While hemodilution with acellular priming solutions generally appears to be a plausible explanation for decreases in platelet counts, some further mechanisms deserve consideration in this context. One mechanism most likely to decrease the number of circulating thrombocytes is their adhesion to the circuit surfaces, which are coated with adsorbed fibrinogen, vWF, and fibronectin. Upon activation, platelets express their GPIIb/IIIa receptors (see above), which allows them to adhere to fibrinogen and vWF (19). Further physical factors contributing to CPB-associated thrombopenia include mechanical disruption, shear stress, hypothermia, and sequestration in pulmonary and splenic tissues (38). Moreover, consumptive coagulopathy (19,39) and the formation of platelet conjugates (i.e., platelet-monocyte or platelet-neutrophil) also contribute to decreasing platelet counts (28). While platelet levels drop, a few new platelets enter the circulation either by outpouring from the bone marrow or by recruitment from the spleen. Extracorporeal circulation thus has a profound effect on platelet population, which can become highly heterogenous during CPB (19).
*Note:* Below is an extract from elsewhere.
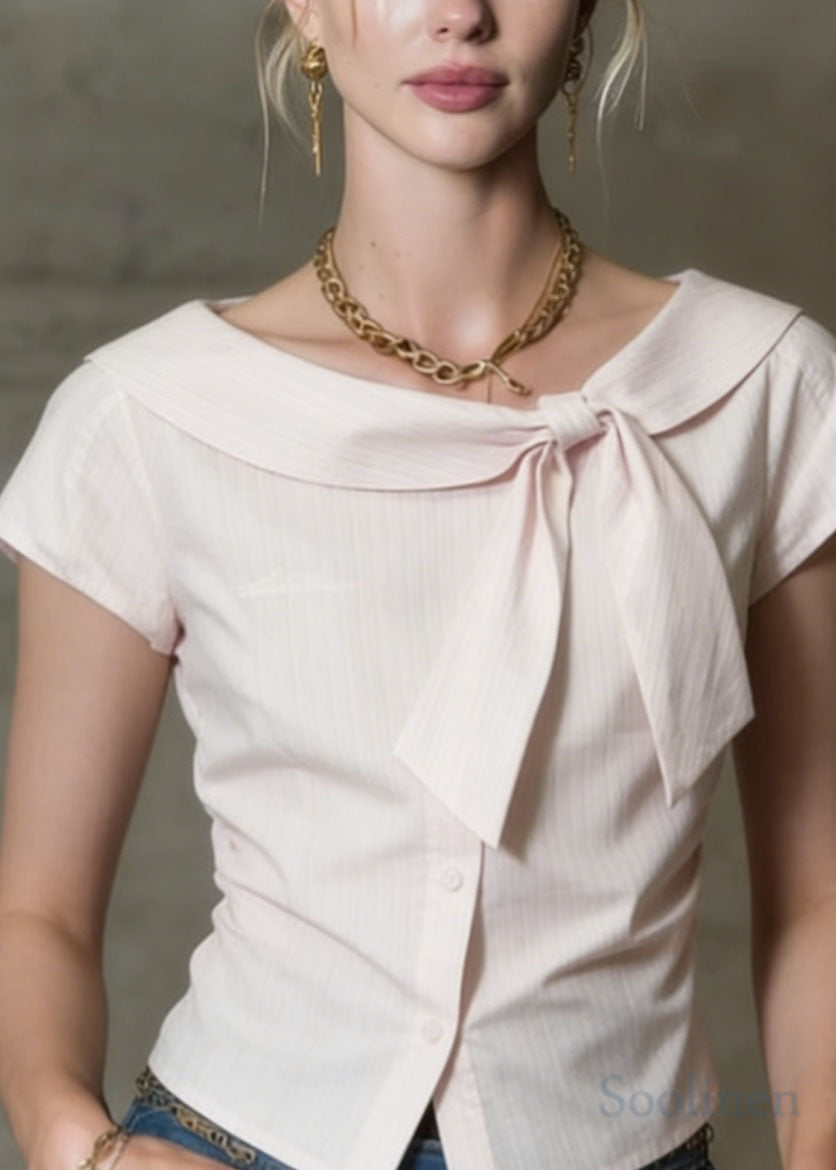 French Pink O Neck Bow Button Cotton Tops Summer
Several alterations in platelet function can occur in the peri-CPB patient, with no single functional defect accounting for the preponderance of bleeding. In general, platelet response to stimulation by agonists gets blunted. Accordingly, higher concentrations of ADP, collagen, thrombin, and other platelet agonists are required to achieve irreversible platelet aggregation. Moreover, the ability to adhere in the presence of high shear is decreased (15).
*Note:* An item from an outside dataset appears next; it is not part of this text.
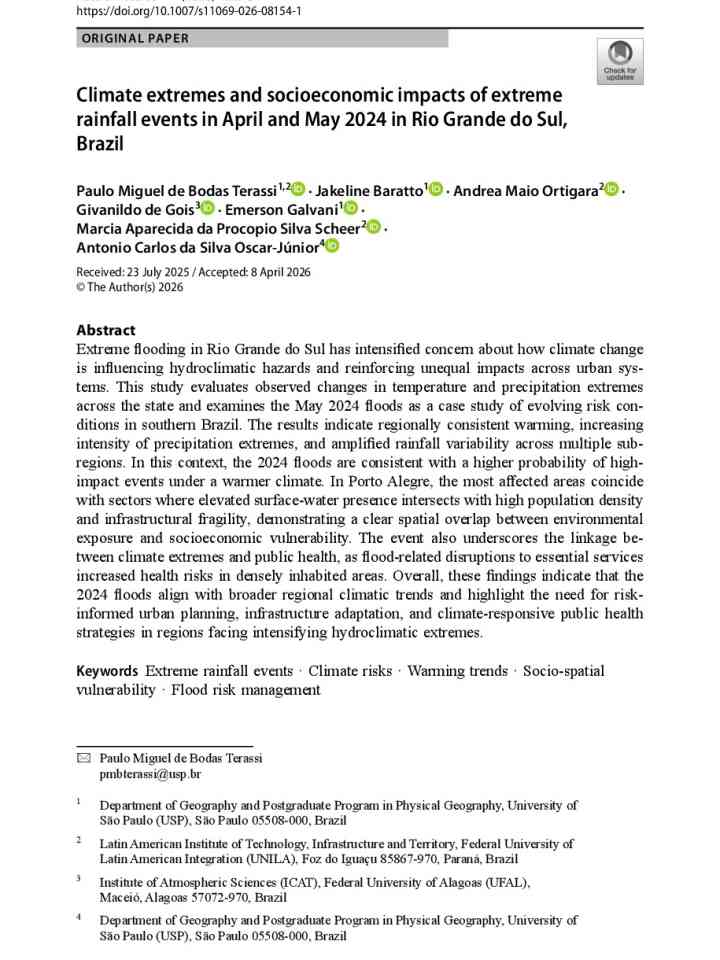Climate extremes and socioeconomic impacts of extreme rainfall events in April and May 2024 in Rio Grande do Sul, Brazil thumbnail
The emergence of platelet dysfunction appears to be multifactorial with platelet activation being the leading cause. Platelet activation becomes measurable by release of granular contents and essentially results from direct contact with the synthetic material of the CPB circuit. Most likely, this process is mediated by the GPIIb/IIIa receptor (40,41). Within the circuit as well as in the pericardial wound, low concentrations of thrombin—a potent platelet activator—are generated. Most likely, this effect is mediated by activation of protein-C-kinase and the upregulation of P-selectin and interactions with the GPIb receptor (38). In the further course of surgery, platelets also become activated by complement factors (C5b-9), leukotrienes, plasmin, platelet-activating factor (PAF), and different collagenases (19). Hypothermia, heparin dosing, and antagonization of heparin with protamine also contribute to the alterations of platelet counts and function (19). Heparin (which is used as an anticoagulant for CPB) binds to the surface of platelets, thereby causing degranulation of the a-granules (38). Moreover, heparin has been observed to bind to vWF at a site critical for binding to platelet GPIb (42). The neutralization of heparin with protamine leads to a transient decrease of platelet count, which is associated with activation of platelets via the classic pathway of the complement system and the formation of transient aggregates, which are sequestered in the lungs (43).